Compiling and debugging
For the most part, compiler- and runtime errors in async Rust work the same way as they have always done in Rust. There are a few noteworthy differences:
Compilation errors
Compilation errors in async Rust conform to the same high standards as synchronous Rust, but since async Rust often depends on more complex language features, such as lifetimes and pinning, you may encounter these types of errors more frequently.
Runtime errors
Whenever the compiler encounters an async function, it generates a state machine under the hood. Stack traces in async Rust typically contain details from these state machines, as well as function calls from the runtime. As such, interpreting stack traces can be a bit more involved than it would be in synchronous Rust.
New failure modes
A few novel failure modes are possible in async Rust, for instance if you call a blocking function from an async context or if you implement the Future Trait incorrectly. Such errors can silently pass both the compiler and sometimes even unit tests. Having a firm understanding of the underlying concepts, which this book aims to give you, can help you avoid these pitfalls.

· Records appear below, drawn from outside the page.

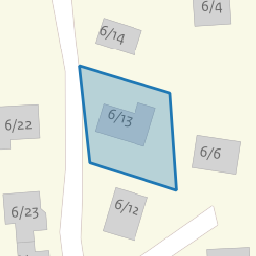 Perceel ZWD02-B-4347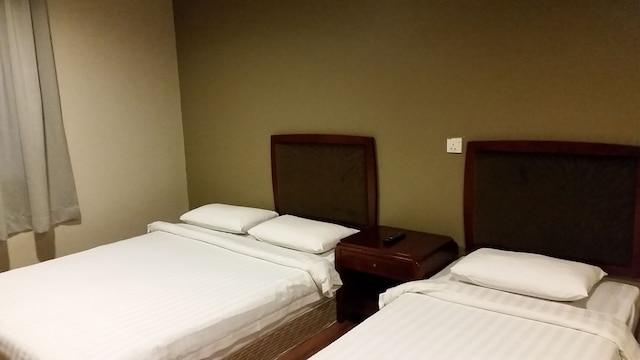 ホテル サドン 88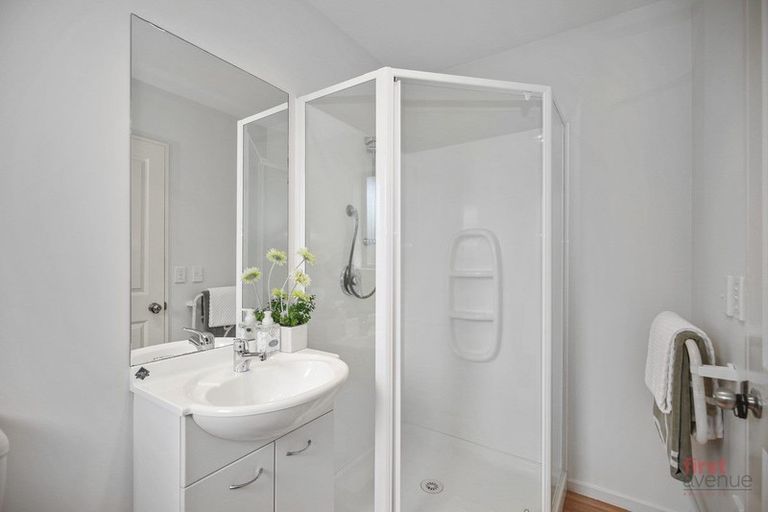 Photo of property in 9 Garforth Green, Halswell, Christchurch, 8025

Compatibility considerations
Asynchronous and synchronous code cannot always be combined freely. For instance, you can’t directly call an async function from a sync function. Sync and async code also tend to promote different design patterns, which can make it difficult to compose code intended for the different environments.
Even async code cannot always be combined freely. Some crates depend on a specific async runtime to function. If so, it is usually specified in the crate’s dependency list.
These compatibility issues can limit your options, so make sure to research which async runtime and what crates you may need early. Once you have settled in with a runtime, you won’t have to worry much about compatibility.
Performance characteristics
The performance of async Rust depends on the implementation of the async runtime you’re using. Even though the runtimes that power async Rust applications are relatively new, they perform exceptionally well for most practical workloads.
That said, most of the async ecosystem assumes a multi-threaded runtime. This makes it difficult to enjoy the theoretical performance benefits of single-threaded async applications, namely cheaper synchronization. Another overlooked use-case is latency sensitive tasks, which are important for drivers, GUI applications and so on. Such tasks depend on runtime and/or OS support in order to be scheduled appropriately. You can expect better library support for these use cases in the future.